* [Your objective]:
Reproduce every record below exactly, with the pictures left out.

Stored data entries

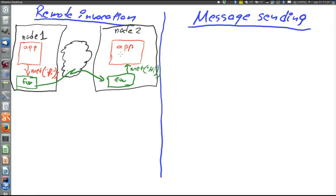On the receiver on node 2 we have declared a method called 'met', and on the sender on node 1 we are calling that method. So what happens is that a plain method call on node 1 actually calls a method on node 2, but completely transparent to the application code — it is the framework that handles the actual communication. How on earth this is supposed to happen is the topic of the next video.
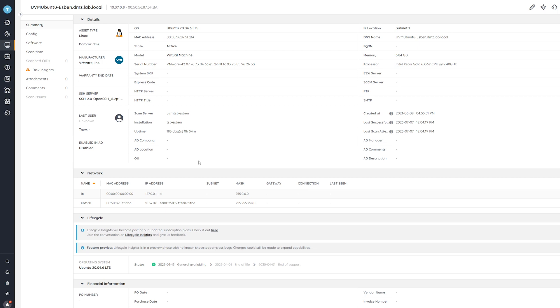If you do not have Lansweeper yet, you can head over to the website, start your free trial, set up your scan for your environment so you can get all your devices in there, and then you can use the exact same reports to get an overview of all your Linux devices, their kernel versions, and you can check whether you're at risk or not.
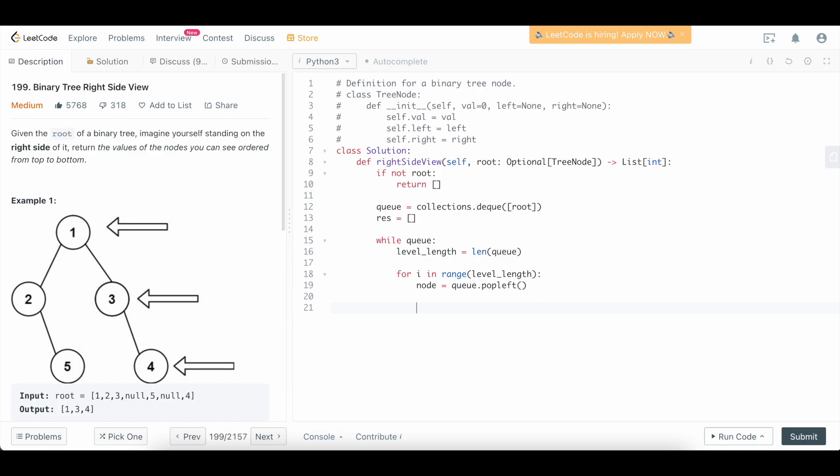That's just something to think about. So we're going to say if i equals level_length minus one, so when we're at the very end of our level, we want to add that node's value to our result, because that's the rightmost value on that level.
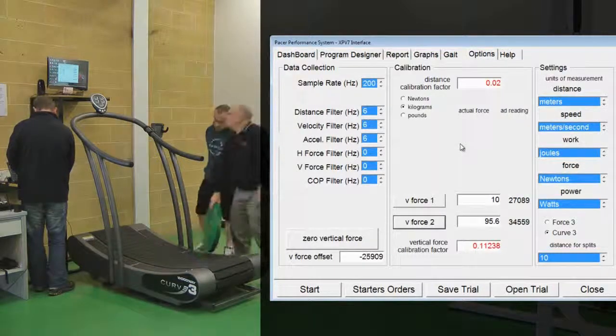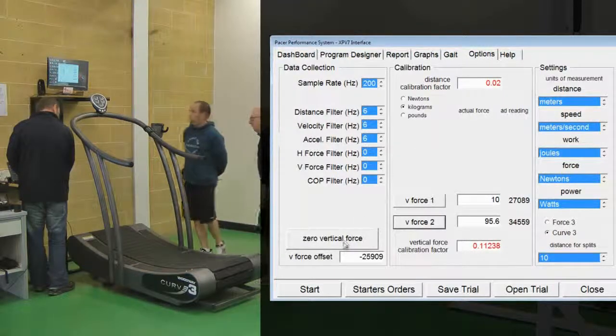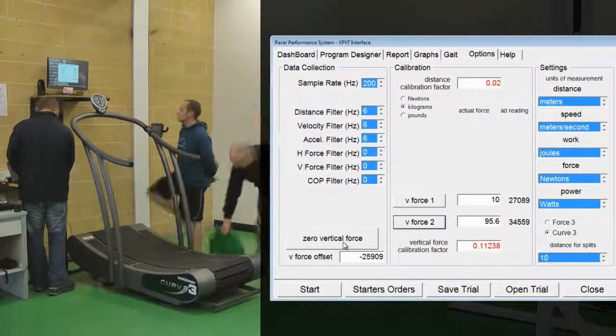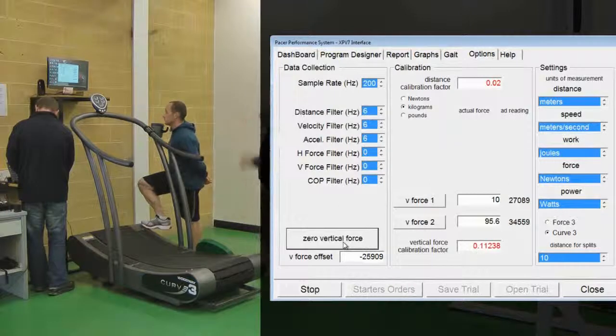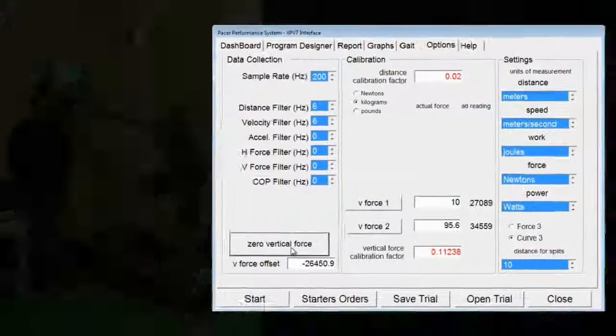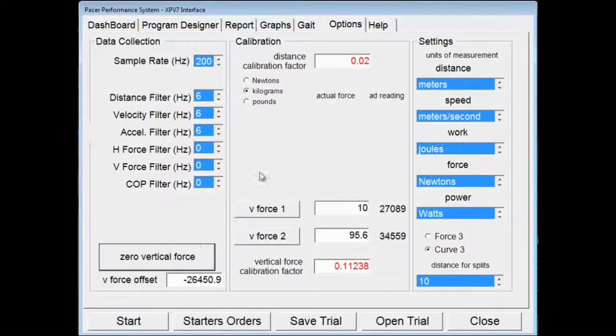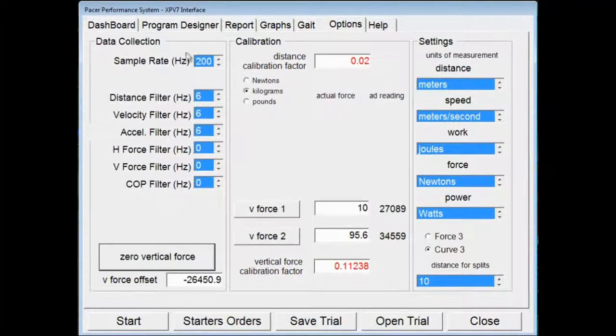And then remove all the weight from the treadmill, and click on Zero Vertical Force. And the treadmill is calibrated.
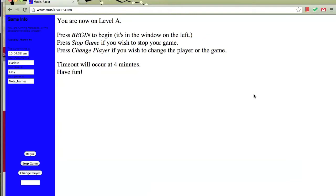When the game loads, you'll click begin down here in the lower left-hand corner of the screen to start it. When the game begins, a note will be displayed on the screen with a selection of notes that you can choose from to identify it. Let's try it.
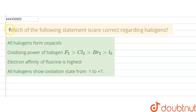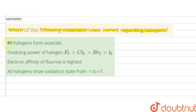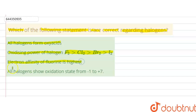Hello students. The question is: which of the following statements is correct regarding halogens? We have to find out the correct statements. First: all halogens form oxy acids. Second: oxidizing power of halogens is F2 > Cl2 > Br2 > I2. Third: electron affinity of fluorine is highest. Fourth: all halogens show oxidation state from minus 1 to plus 7.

* [Output below]:
On the receiver on node 2 we have declared a method called 'met', and on the sender on node 1 we are calling that method. So what happens is that a plain method call on node 1 actually calls a method on node 2, but completely transparent to the application code — it is the framework that handles the actual communication. How on earth this is supposed to happen is the topic of the next video.
If you do not have Lansweeper yet, you can head over to the website, start your free trial, set up your scan for your environment so you can get all your devices in there, and then you can use the exact same reports to get an overview of all your Linux devices, their kernel versions, and you can check whether you're at risk or not.
That's just something to think about. So we're going to say if i equals level_length minus one, so when we're at the very end of our level, we want to add that node's value to our result, because that's the rightmost value on that level.
And then remove all the weight from the treadmill, and click on Zero Vertical Force. And the treadmill is calibrated.
When the game loads, you'll click begin down here in the lower left-hand corner of the screen to start it. When the game begins, a note will be displayed on the screen with a selection of notes that you can choose from to identify it. Let's try it.
Hello students. The question is: which of the following statements is correct regarding halogens? We have to find out the correct statements. First: all halogens form oxy acids. Second: oxidizing power of halogens is F2 > Cl2 > Br2 > I2. Third: electron affinity of fluorine is highest. Fourth: all halogens show oxidation state from minus 1 to plus 7.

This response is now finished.